実は当然のことだが、メディアも政党も一枚岩ではない。完全に一枚岩に見える日本共産党でも、党員に対しすべて「赤旗」の主張に従え、などとは強要していないし、むしろ独裁権力の長期化を防ぐために宮本独裁体制以降、不破体制を経て現在は志位委員長と山下書記局長の二重権力構造にするなど、権力の長期化による腐敗を防ぐ体制を模索しているくらいだ。
たとえば、11日の午後7時30分から行われた朝日新聞の木村社長の引責辞任表明も、BSフジのプライムニュースでの録画中継を見てすぐ読売新聞読者センター電話をして「これは事実上の引責辞任表明だ。木村社長は理由について慰安婦報道や池上氏の原稿掲載拒否なども含めてごちゃごちゃ言っているが、そんなことで社長が引責辞任するわけがない。引責理由はたった一つ、吉田調書のねつ造記事だ。間違えないように」と申し入れた。

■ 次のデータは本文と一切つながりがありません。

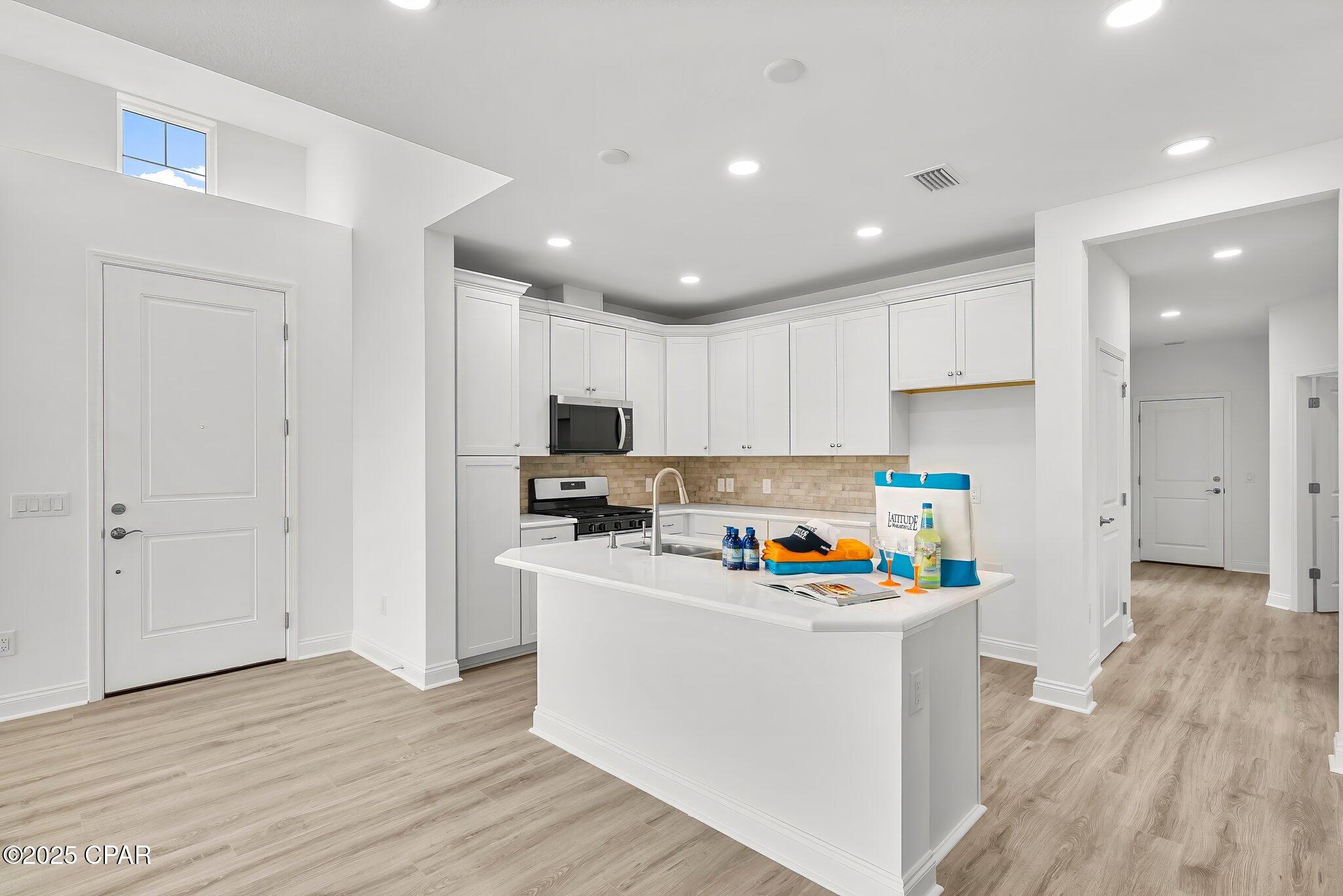 Image 6 For 8912 Parrot Place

翌12日早朝、私はブログ『朝日新聞の「吉田調書」報道は誤報か? 違うよ、ねつ造だ』を投稿して、事ここにまで至っても、もがき続ける朝日新聞の体質への批判もしたが、当日の朝刊各紙で木村社長の記者会見が「事実上の引責辞任である」こと、さらにその原因が一連の慰安婦報道問題ではなく、吉田調書のねつ造記事にあることを指摘したのは読売新聞だけだった。が、その読売新聞ですら、その後「吉田調書誤報」と見出しで書いたり、メディアもようやく引責辞任表明だということは理解したようだが、依然としてよく理解していないメディアもあるくらいだ。

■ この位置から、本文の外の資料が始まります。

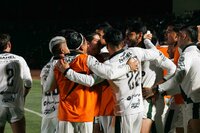 Alacranes de Durango venció 2–1 a Halcones FC en el Francisco Zarco y clasificó a la final de la Liga Premier Serie A, resolviendo la semifinal tras el 0–0 de la ida en Uruapan y sosteniendo el cierre con autoridad ante un rival que terminó desbordado por el ritmo y la presión del local.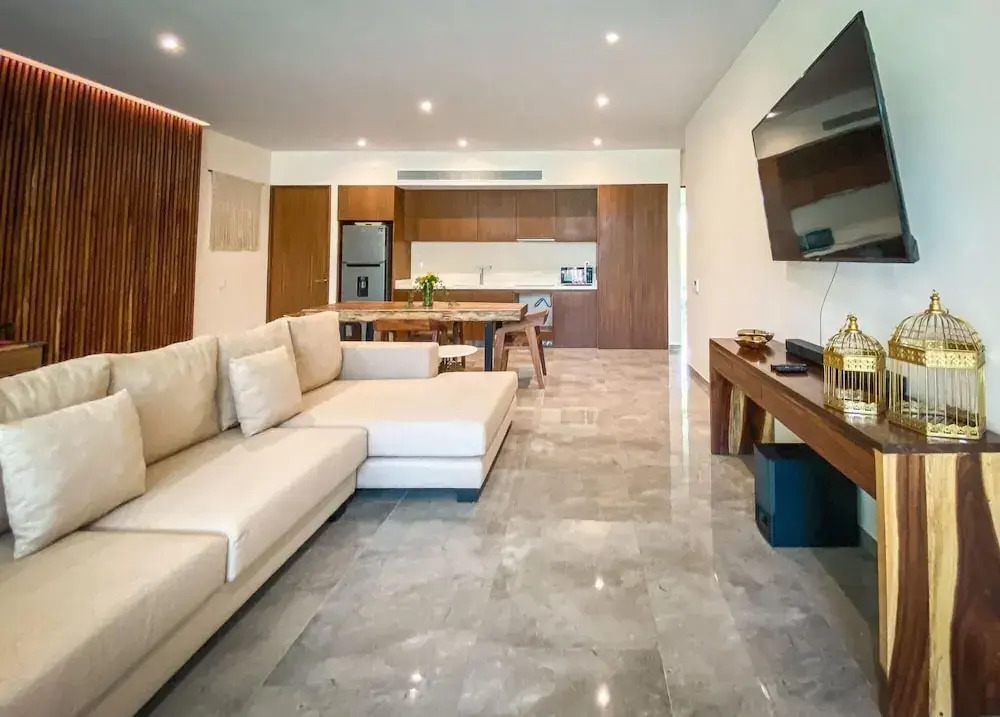 Friends and Family Luxury Apartment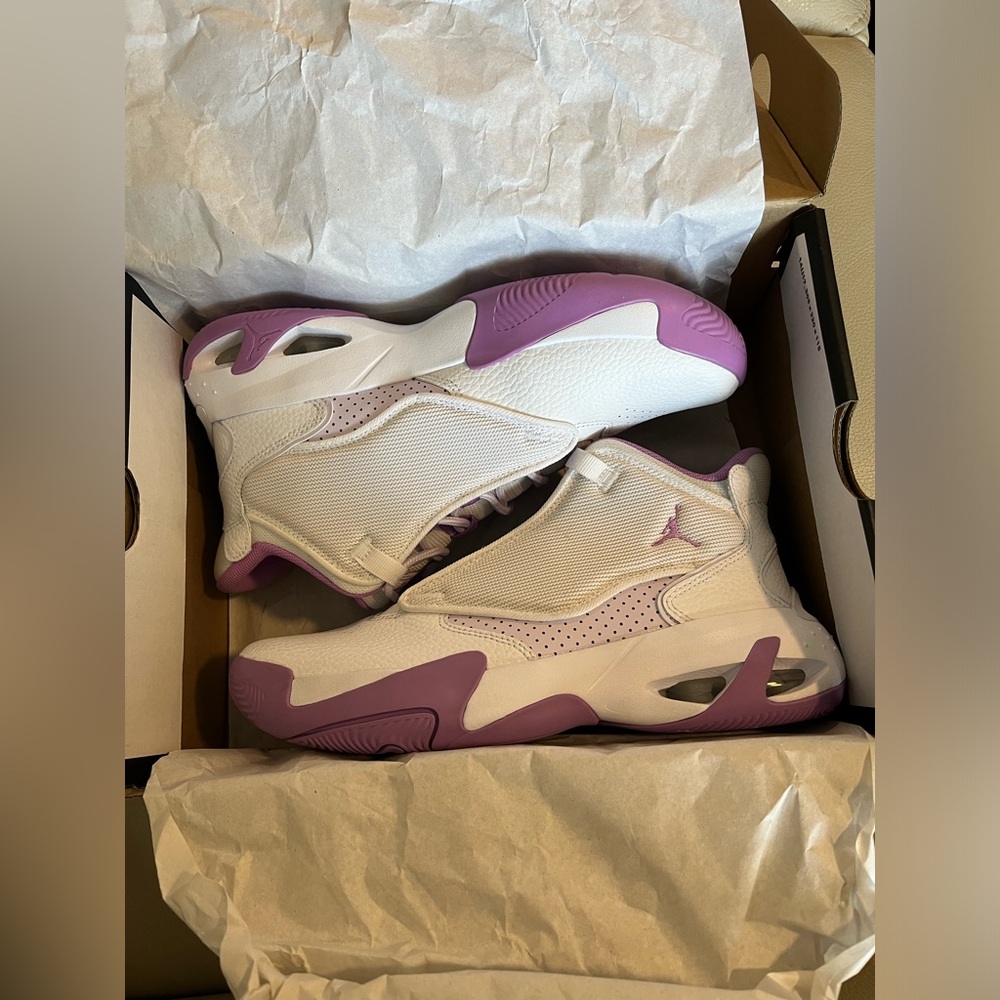 Jordan Max Aura 4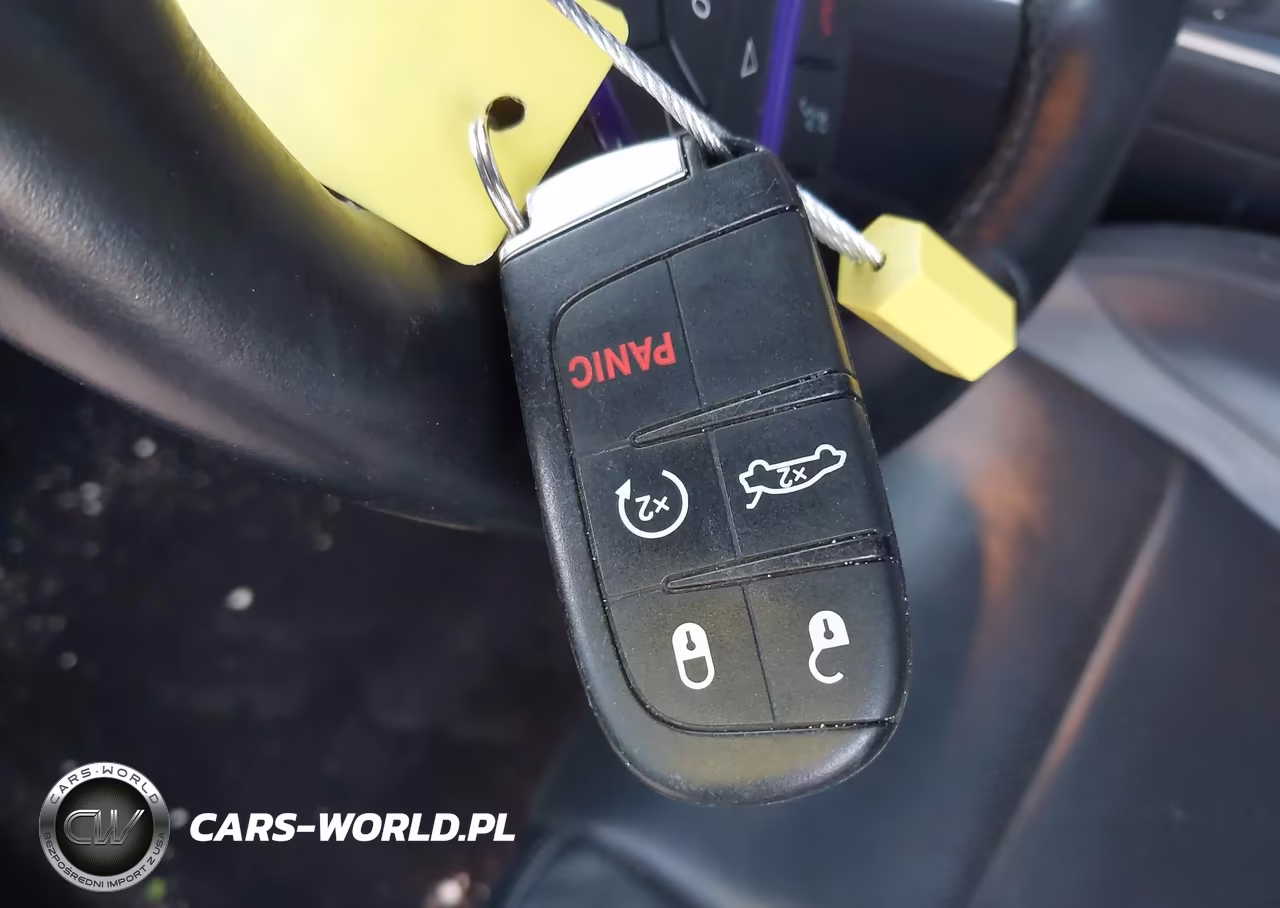 2016 Dodge Challenger Sxt Plus VIN:2C3CDZAG2GH153815 - 11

私は朝日新聞が8月5,6日の両日にわたって慰安婦報道が誤報であったことの検証記事を書いた翌日(7日)のブログでこう書いた。当時私は民主主義をテーマにしたブログを連載中であり、タイトルでは朝日新聞の誤報問題には触れなかったが、当日のブログの最後にこう書いている。
(今ごろになっての誤報検証記事の掲載は)何を意味するのか。朝日新聞内部の権力闘争の結果なのか。よく分からん。
誤報の訂正はいいが、誤報だということはとっくに明らかになっており、当時の記事のどの部分が誤報で、なぜ誤報に至ったのかの検証をする必要が、20数年後の今頃になって、「なぜ突然生じたのか」の説明責任を果たすことのほうがはるかに重要なはずだ。
他紙によれば、この「訂正記事」について、朝日新聞広報部は「特にコメントすることはありません」と取材を拒否したようだ。他紙もだらしがないのは、
朝日新聞広報部の「特にコメントすることはありません」というコメントを紹
介しただけで、それを「取材拒否」と報じなかったことだ。
「言論の自由」は最高に優先度の高い自由だと書いた(※この連載ブログで何回も書いた)。が「最高に優先度が高い自由」だということは、「それに伴う責任も最高に重い」ことを意味している、と考えるのが常識人だと思うのだが、「言論の自由」だけを声高に主張して、それに伴う「責任の重さ」については無自覚なメディアの体質が問われざるを得ない。それは朝日新聞だけのことではないからだ。
はっきり言えば、誤報とねつ造は、「でき心による万引き」と「綿密に計画を立てての強盗」との差ほどに大きいメディアの「犯罪」である。誤報など根掘り葉掘り掘り返したら、どのメディアでも毎日あると言っても差し支えないほどだ。
前にもブログで書いたが、記者も人の子、事実でさえ色眼鏡をかけて見る。極端な例で説明すると分かりやすい。赤信号を真っ赤なレンズの色眼鏡をかけて見たら、赤信号は赤信号として見えなくなる。私自身も人の子だから、独りよがりの非常識な主張をする可能性を否定しない。問題はそうした自覚をどれだけジャーナリストが有しているかによって、おかしな記事が紙面を飾ることになりかねない、という事実にどう正面から向かい合うかだ。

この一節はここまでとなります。